Op 1 juni beschreef Beau van Erven Dorens in zijn column in het AD op treffende wijze het gevoel van ontreddering en woede dat veel Nederlanders delen bij het aanzien van de Israëlische genocide in Gaza. Terecht richt ook Beau zijn pijlen op de regering die weigert in te grijpen. Twee alinea’s uit zijn prachtige en persoonlijke verhaal:
Ik sta erbij en kijk ernaar en ik kan maar niet begrijpen dat het niet ophoudt. Wat heeft het voor zin om internationale afspraken over mensenrechten te hebben, als overheden zich bij deze flagrante schending van welk recht dan ook niet eens geroepen voelen om onmiddellijk alle banden met de daders te verbreken? Om ze op alle mogelijke manieren te dwingen hun weerzinwekkende daden te stoppen? Hoe kun je met moordenaars van kinderen praten alsof het normale gesprekspartners zijn? Hoe kun je met deze goddeloze bruten blijven handelen of welke betrekking dan ook onderhouden, als ze een bewezen genocide plegen op een uitgehongerd, opgejaagd en hulpeloos volk? Hoeveel meer dood wil je zien voor je moreel kompas op tilt slaat?

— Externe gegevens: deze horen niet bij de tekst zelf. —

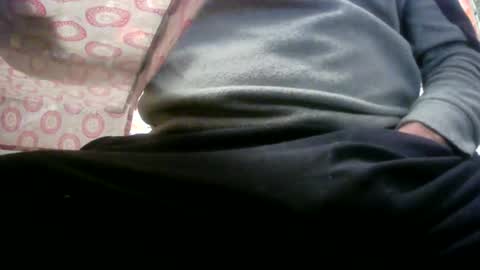 Snapshot of sweetwarrior32 chatting on January 19, 11:10 pm Ricky32 online show from January 19, 11:10 pm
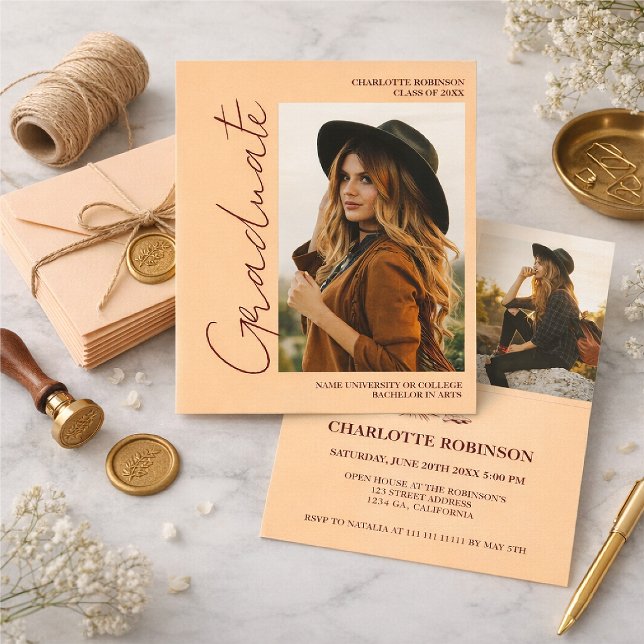 Convite Script retro Light Peach graduado foto formatura (Criador carregado)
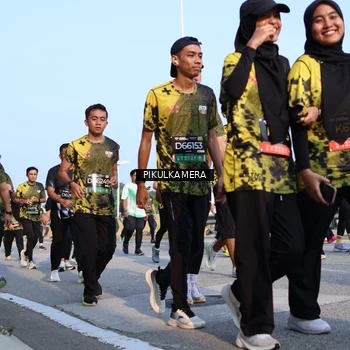 Runner Photo 6316350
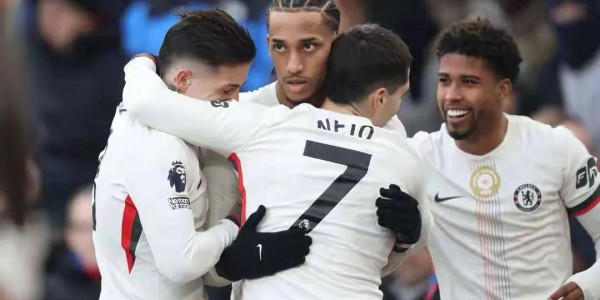 随着切尔西3-1，阿森纳2-3不敌曼联，维拉2-0纽卡 英超积分榜出炉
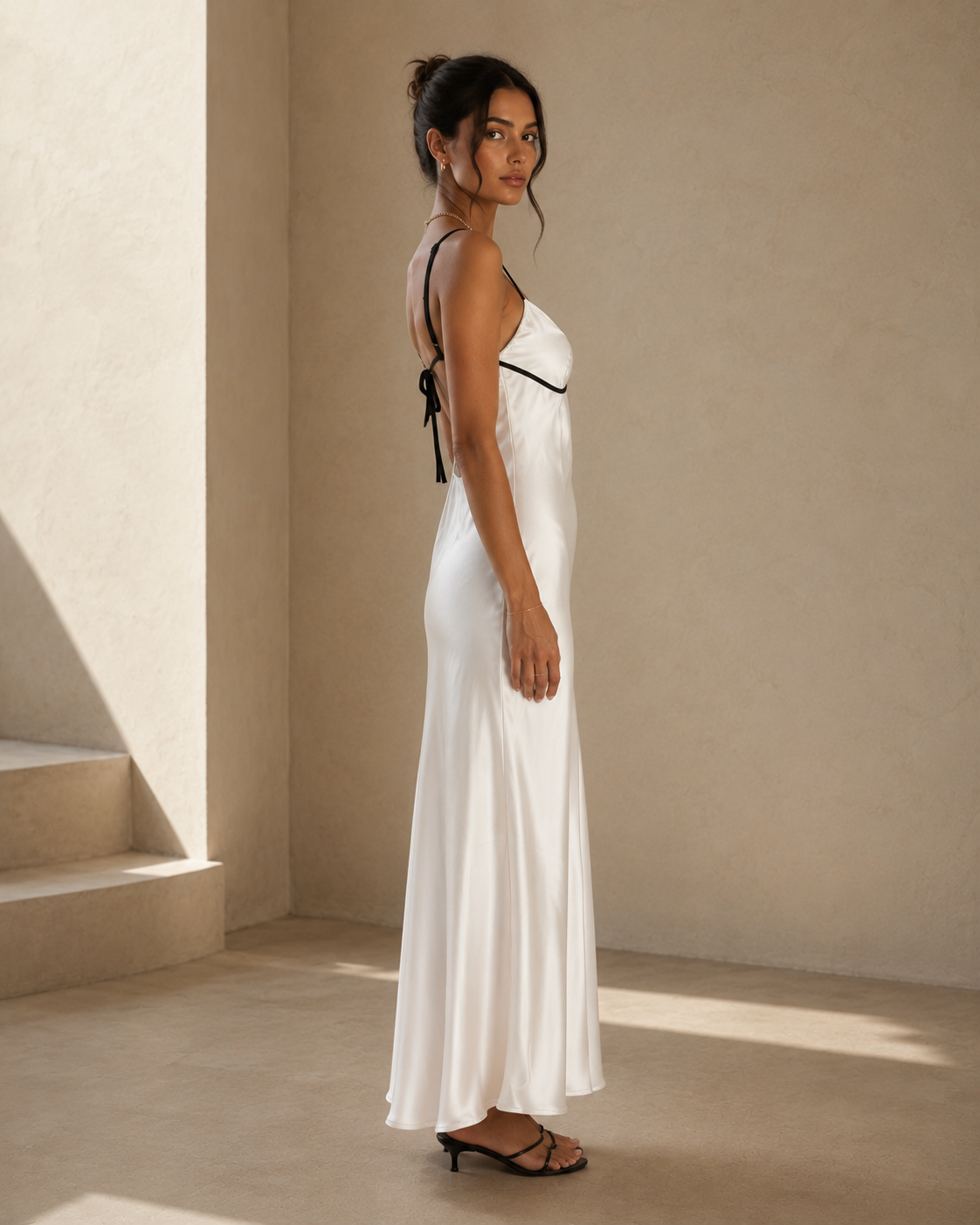 Élodie Satin Maxikleid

Ik schaam me diep, omdat ik mens ben en dit laat gebeuren. Dat ik niets beters kan verzinnen dan een stukje schrijven. En ik schaam mij diep dat de regering, de mensen die ons land moeten vertegenwoordigen, zo weinig in het werk stelt om deze misdaden een halt toe te roepen. Juist in Den Haag zou eerlijkheid, menselijkheid, moraliteit en recht de leidraad moeten zijn van goed bestuur. Wat verwacht je van het volk, als je zelf geen moreel kompas hebt? Bij ieder kind dat in Gaza sterft, zou hun hart moeten overslaan van verdriet.